* Given information:

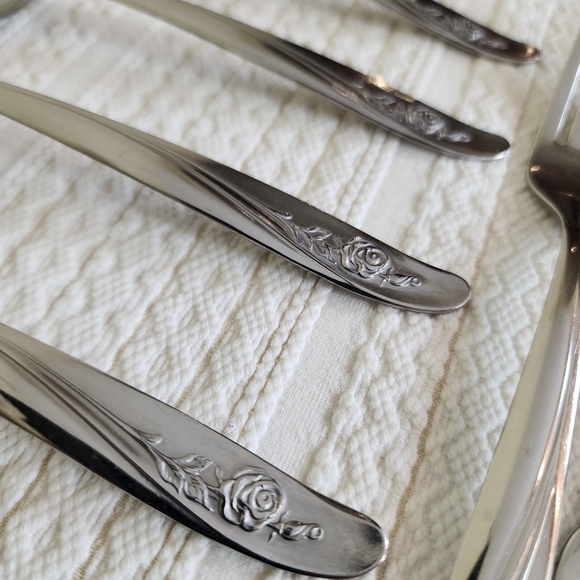24-Piece Oneida Roseanne Stainless Flatware Set Stainless Canada - Picture 3 of 10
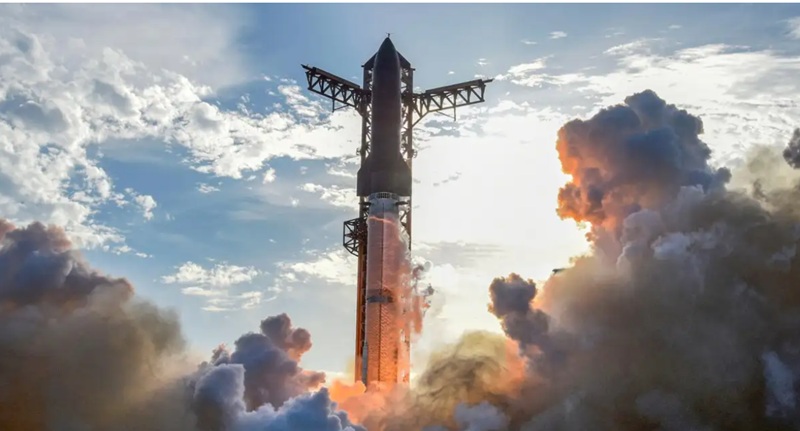 بعد تأجيلين متتاليين، أطلقت شركة سبيس إكس مركبتها الفضائية ستار شيب ليلة الثلاثاء 26 أغسطس. يهدف الاختبار إلى إثبات أن الصاروخ العملاق قادر على تحقيق أهداف الطيران الرئيسية.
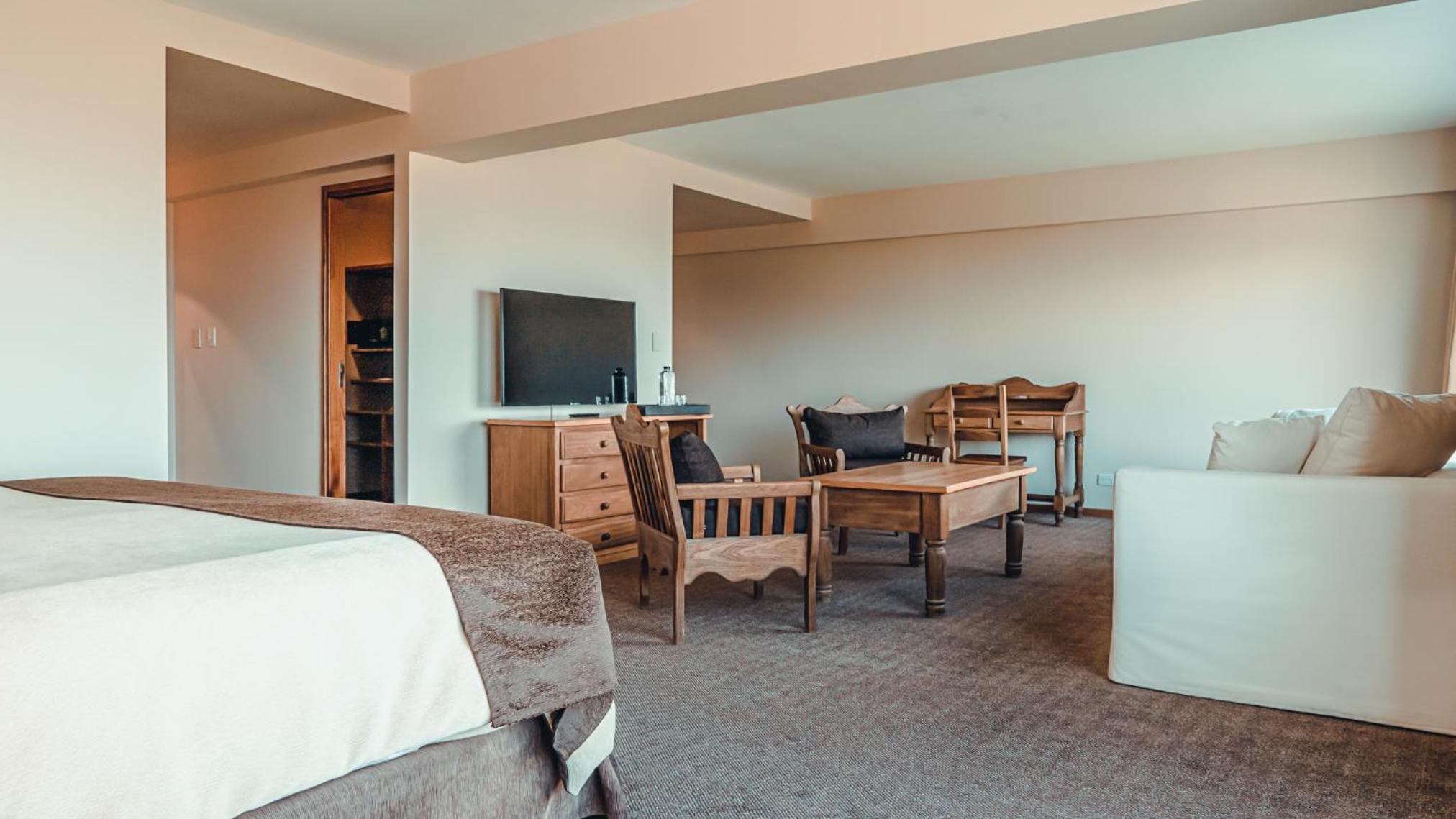 Junior King Suite with Glacier View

* Brief: Leave the pictures out. Otherwise, output the listing above exactly.

* The answer:
24-Piece Oneida Roseanne Stainless Flatware Set Stainless Canada - Picture 3 of 10
 بعد تأجيلين متتاليين، أطلقت شركة سبيس إكس مركبتها الفضائية ستار شيب ليلة الثلاثاء 26 أغسطس. يهدف الاختبار إلى إثبات أن الصاروخ العملاق قادر على تحقيق أهداف الطيران الرئيسية.
 Junior King Suite with Glacier View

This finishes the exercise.